Efforts under the Trump administration to roll back certain regulations and engage with the industry in less confrontational ways will be an opportunity for banks, but it’s unclear just how much benefit they’ll see.
In this shifting compliance landscape, Amy Wierenga is picking up the chief risk officer title at
Wierenga said in a recent interview that the changes in Washington are providing opportunities for the $559 billion-asset PNC to “reallocate resources” in its risk-management unit.
“Unfortunately, through the years, the emphasis on some of these more non-financial, non-safety-and-soundness areas — which are important for us to talk about together — has created an administrative burden that has actually taken resources away from what I see as the core way that the risk-management organization can help drive better outcomes for our clients and ensure the safety and soundness of our balance sheet,” Wierenga told American Banker.
Certain regulatory processes “cannibalize” resources that Wierenga thinks could be used for what she called “active, hands-on” risk management. Those processes — which don’t include areas like the Bank Secrecy Act, fraud, financial crime and legal regulatory compliance — are mostly focused on operational risk.
According to the Bank Policy Institute, a trade group that represents big banks in the U.S., the portion of bank information-technology budgets devoted to compliance grew from 9.6% in 2016 to 13.4% in 2023.
The amount of time that bank executives spent on regulatory and supervisory compliance also went up. In 2016, 27% of C-suite time was focused on complying with laws, regulations and mandates. In 2023, that figure was 43%, according to BPI. (BPI’s definitions of “regulatory and supervisory compliance” and “risk management were distinct.

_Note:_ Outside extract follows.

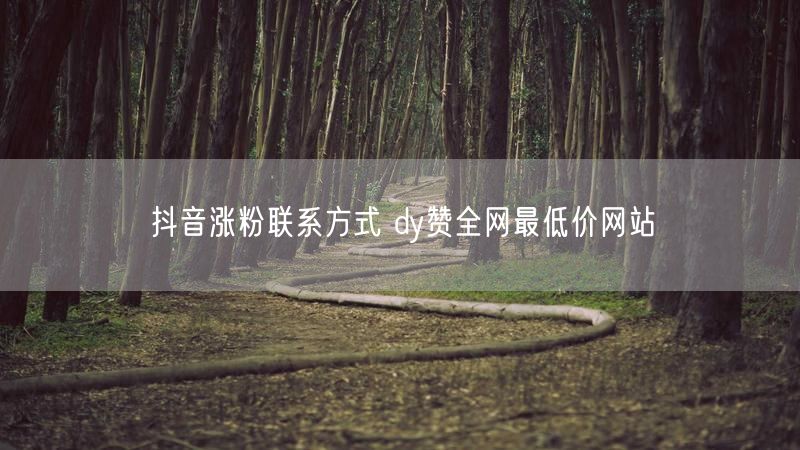 抖音涨粉联系方式 dy赞全网最低价网站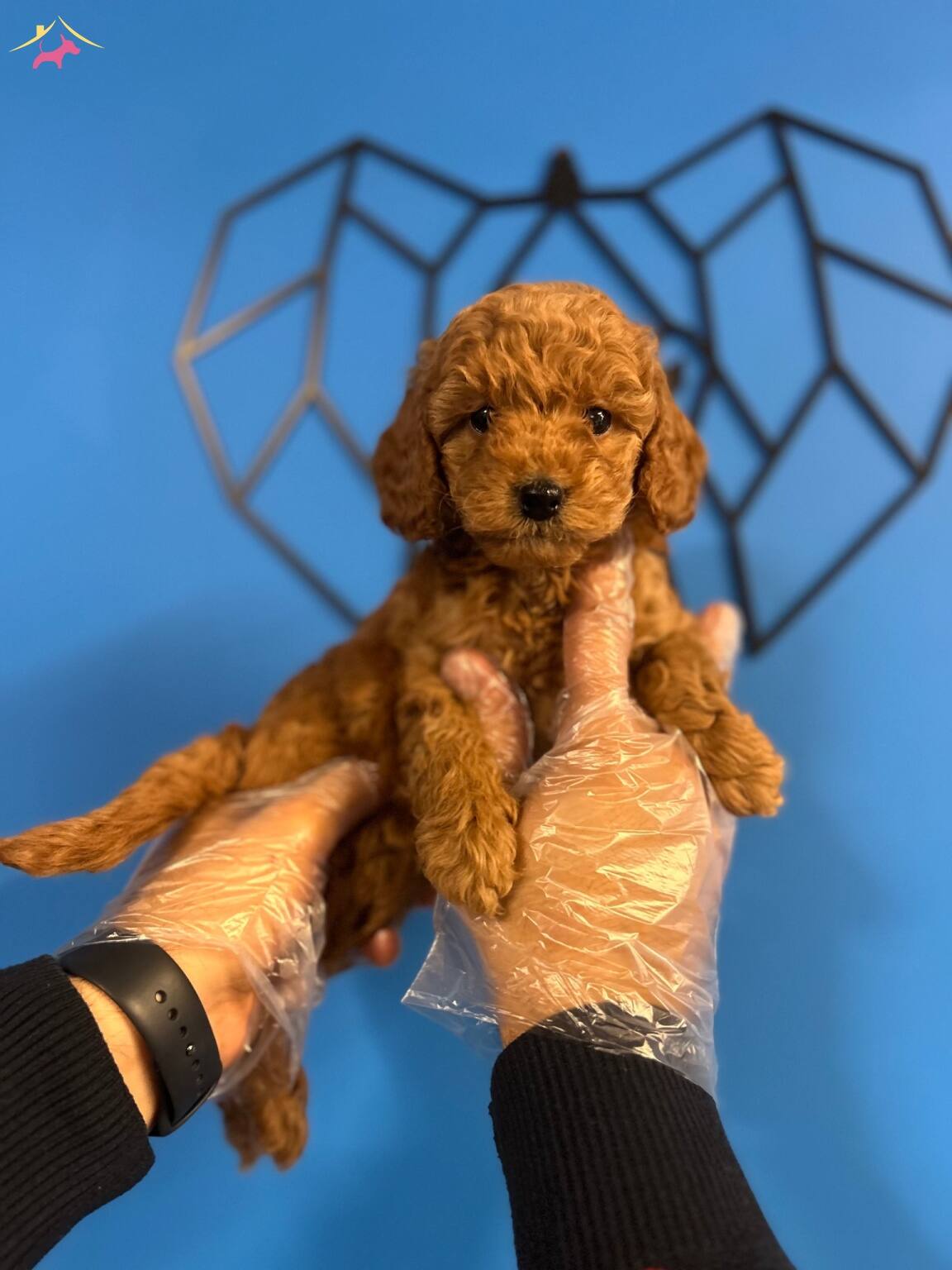 Gerçek Toy Poodle Yavrular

The latter referred to “risk management in the ordinary course unrelated to prudential regulatory or supervisory requirements.”)

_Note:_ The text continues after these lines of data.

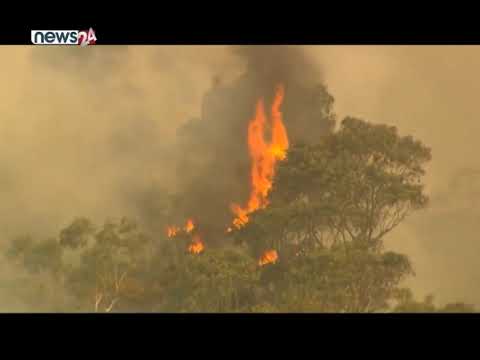 आगलागीका कारण अष्ट्रेलियामा हजारौं जीवजन्तु मरेको न्यूज र तस्वीर सामाजिक सञ्जालमा भाइरल - NEWS24 TV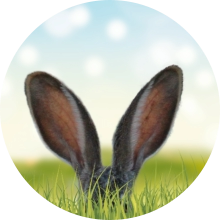 veterinaire de garde Bousval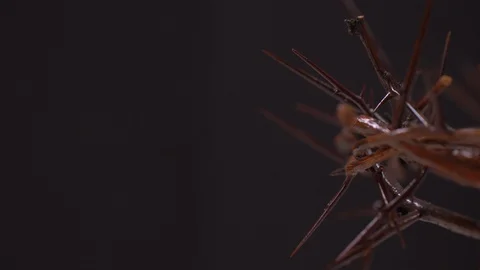 Close Up of Crown of Thorns Rotating, Black Background 스톡 동영상 129644654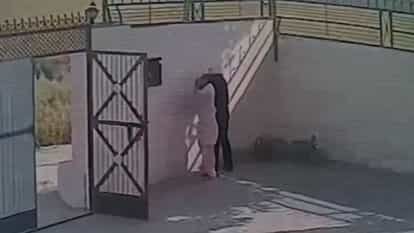 Gold earrings snatched from woman in Moga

The administrative burden, Wierenga said, has come when regulators have required detailed remediation plans with specific steps, committees and working groups to enhance a skill or activity, which the bank has often already identified as an area to improve.

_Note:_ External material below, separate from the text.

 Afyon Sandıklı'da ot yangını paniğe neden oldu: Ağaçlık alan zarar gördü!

Dialogue between the bank and regulators is a more efficient, effective solution, Wierenga contended. She said that eliminating auditable processes frees up time and resources.
She declined to offer specific metrics to quantify the reallocation of resources that PNC could see as a result of deregulation.
Since President Donald Trump took office, regulators have made moves to roll back compliance requirements related to areas like capital levels, reputation risk, resolution plans and customer identification. Additionally, the Consumer Financial Protection Bureau has been stripped down, a stablecoin-friendly law has been passed and signed into law, and examiner positions across the prudential regulators have been slashed.
PNC Chairman and CEO Bill Demchak has been vocal in calling out regulations he sees as onerous. During PNC’s second-quarter earnings call in July, Demchak said that the current environment is a tailwind for the Pittsburgh-based bank and its growth ambitions.
“You’ll see that not just in some of the capital ratios and adjustments in Basel III endgame and so on and so forth, but also I think through time and the amount of money we actually spend on what I’m just going to call ‘busy work,'” Demchak said. “Responding to regulatory things that don’t necessarily have a lot to do with core risk in the bank. But all of that helps at the margin.”
Wierenga said that conversations with regulators about operational risks help her to compare PNC’s capabilities with those of peers. Eliminating suggestions from regulators isn’t what PNC is advocating, she said.
“I see having the right people in the right rooms having the right conversations as the best, if not the only way, to achieve the type of strong risk culture and strong risk-management outcomes that both we and the regulators want,” Wierenga said.
But even as banks will get some leeway to trim processes here and there, analysts don’t expect the impact of deregulation to reduce costs materially. As Demchak noted in July, regulatory environments have swung back and forth between administrations.
Brian Graham, a partner at the bank consulting firm Klaros Group, said that banks have certain processes that are substantive and others that are more performative, meaning they’re required by regulators, but aren’t as important to risk management. Some requests from regulators to enhance certain areas of the bank are heavy lifts administratively, he said.
“What they often do instead is say, ‘We think you need better processes and procedures and policies,'” Graham said. “Those are designed to put pressure on the things that the supervisor is actually substantively concerned about, but they’re expressed in a very process-oriented way.”
Banks will have opportunities to trim down the more “performative” processes, but they are unlikely to make major changes to the substantive work, Graham said.
Clifford Rossi, director of the Smith Enterprise Risk Consortium at the University of Maryland, said that big banks, especially, will be mindful of the ebb and flow of bank regulation between administrations.
“They’ll go through that sizing on an internal basis and come to some conclusion as to how they can take advantage of that,” said Rossi, a former chief risk officer for Citigroup’s consumer group. “But I don’t believe we’re going to see a huge amount of redeployment or shrinking of those organizations because if they’re smart, they’re going to realize that they may very well need them in the future.”